Restaurants are all about fetching new dining experiences. Though provided with a small site to cater to the variety of users and create a multitude of dining and interactive experiences, we set to design varied seating areas. Thus, the dining area was divided into indoor and semi-open outdoor seating. The outdoor seating had a step-down seating, while a mocktail counter was designed indoors. However, making the space feel vast and not compact was important. This was achieved with linear planning and play of levels.
The step-down seating area was at the original site level. In contrast, the outdoor area level was matched with the indoor space to give a feeling of expansion of space. The indoor and outdoor furniture was placed along one linear axis, establishing continuity and elevating the sense of vastness. This also facilitated better circulation and visual connectivity throughout.
Because of a smaller space, the material palette was kept limited, and exploration was done in the application domain, which meant incorporating the use of local labour and craftsmen for construction as well as detailing. As per the zoning of spaces, we started developing the section with vertical layers in varied textures. The layers are created with the diverse applications of repeated materials to create new textures.

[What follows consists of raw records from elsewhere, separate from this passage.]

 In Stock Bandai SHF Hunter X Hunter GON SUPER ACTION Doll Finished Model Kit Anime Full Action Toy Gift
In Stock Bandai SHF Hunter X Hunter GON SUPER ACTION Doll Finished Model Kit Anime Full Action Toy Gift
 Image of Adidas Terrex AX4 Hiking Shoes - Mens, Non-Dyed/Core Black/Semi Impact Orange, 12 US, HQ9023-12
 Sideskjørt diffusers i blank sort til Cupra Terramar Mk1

The limited material selection then consciously veers towards an experimental approach with metal panels, wire cut bricks, vitrified flooring, and tinted bajara glass, a combination of rustic and vibrant colours – to prevent alienating from the theme. The wire-cut mud bricks and rustic metal panels form a monochromatic palette.
A diagonal grid concept was used to erase monotony and create a dynamic effect. The diagonal design added new forms to flooring, ceiling, and brickwork maintained even in the creation of table legs. The brickwork with dynamic twist led to tilted bonds in elevation and even planned. This gifted the space with varied textures in the same material.

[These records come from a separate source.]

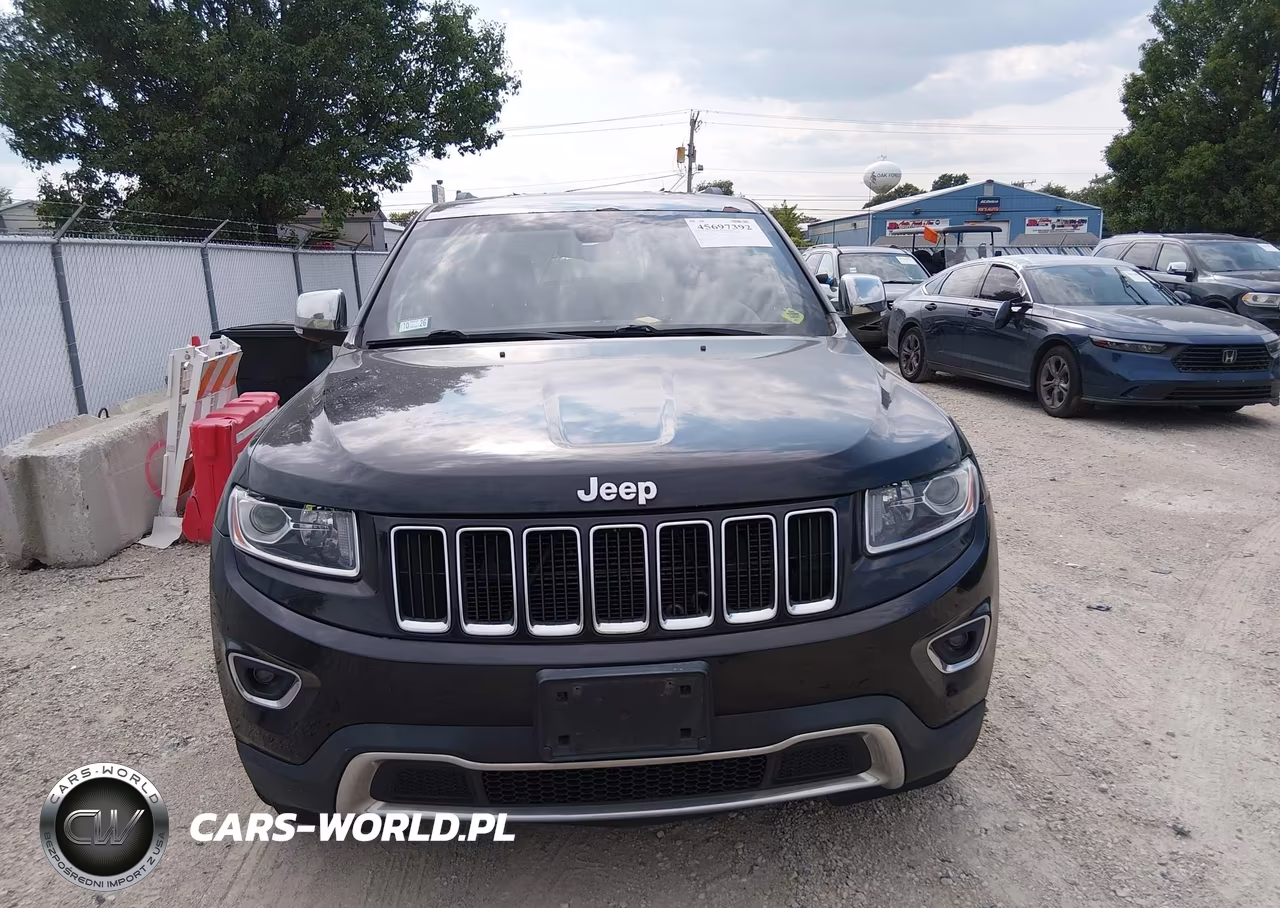 2014 Jeep Grand Cherokee Limited VIN:1C4RJEBG6EC180036 - 12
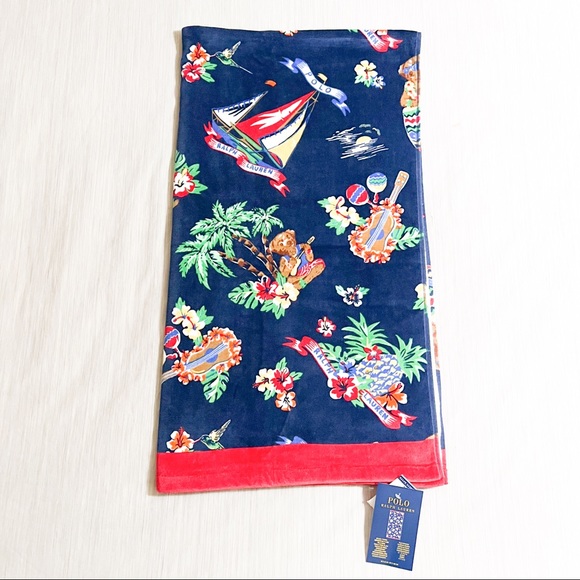 Polo by Ralph Lauren Bath Polo Ralph Lauren Beach Towel Limited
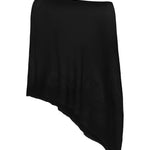 Black cape on a white background.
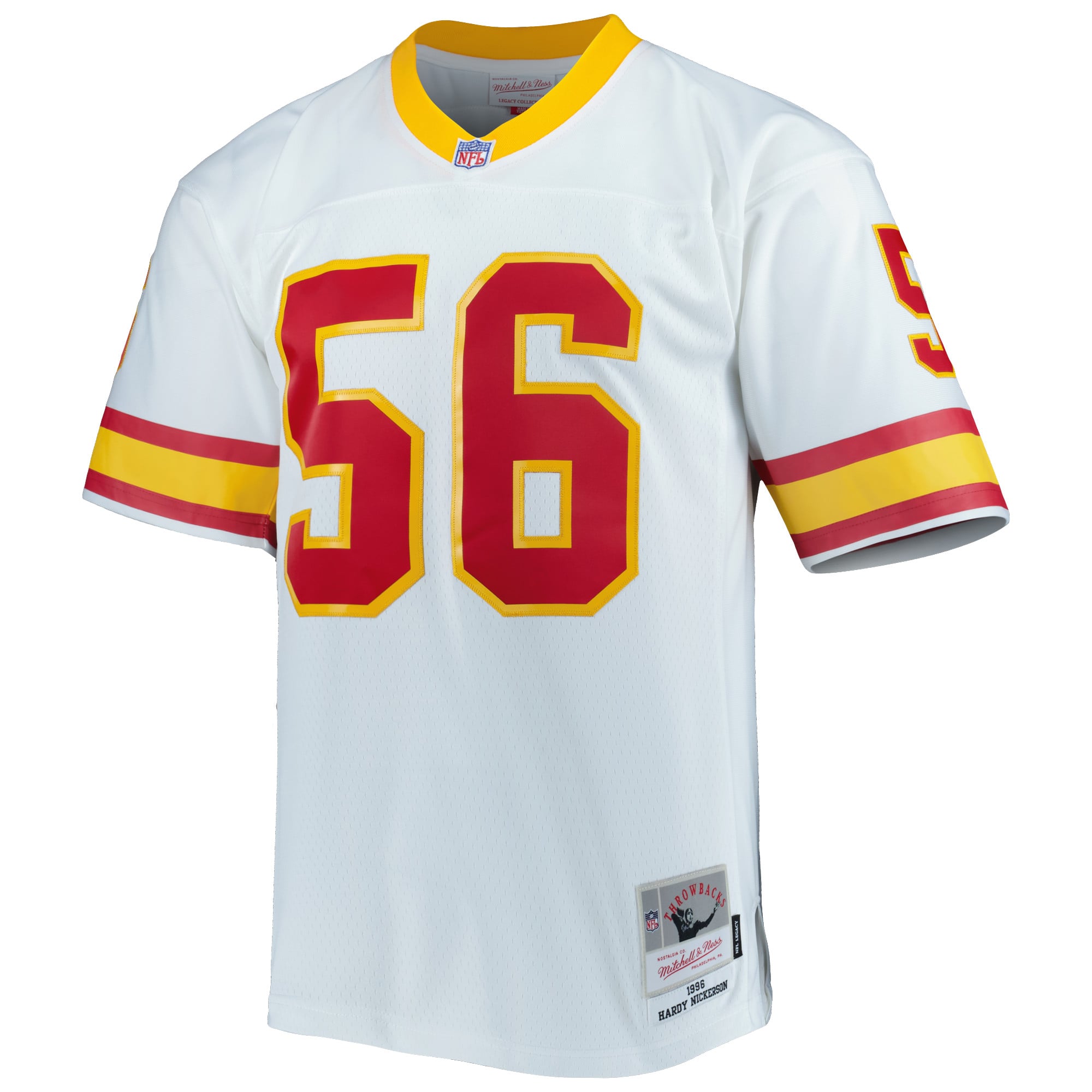 Hardy Nickerson Mitchell Tampa Bay Buccaneers Replica Jersey White NFL Football Fan Wear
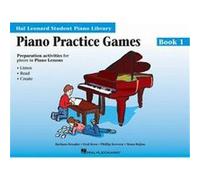 Piano Practice Games, Hal Leonard Student Piano Library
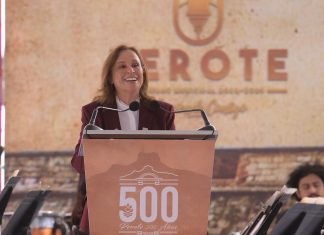 Celebra Gobernadora 500 años de Perote; reafirma compromiso con desarrollo del municipio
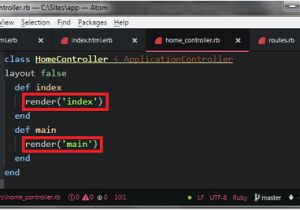 Rails HTML Template Using Erb Tags In Ruby On Rails Default HTML Templates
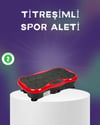 Evde Fitness İçin Titreşimli Plate Spor Platformu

Tilted metal sheets were used in external and internal roofs, creating a sense of dynamism hovering over the space. The same metal sheets are continued for wall panelling and to create sculptures adorning the façade.
The monochromatic materials, balanced repetition, play of heights and levels, and balanced visual permeability facilitate a unified perception of the space. With the exploration of textures and applications, meticulously composed to give users a novel, handcrafted experience.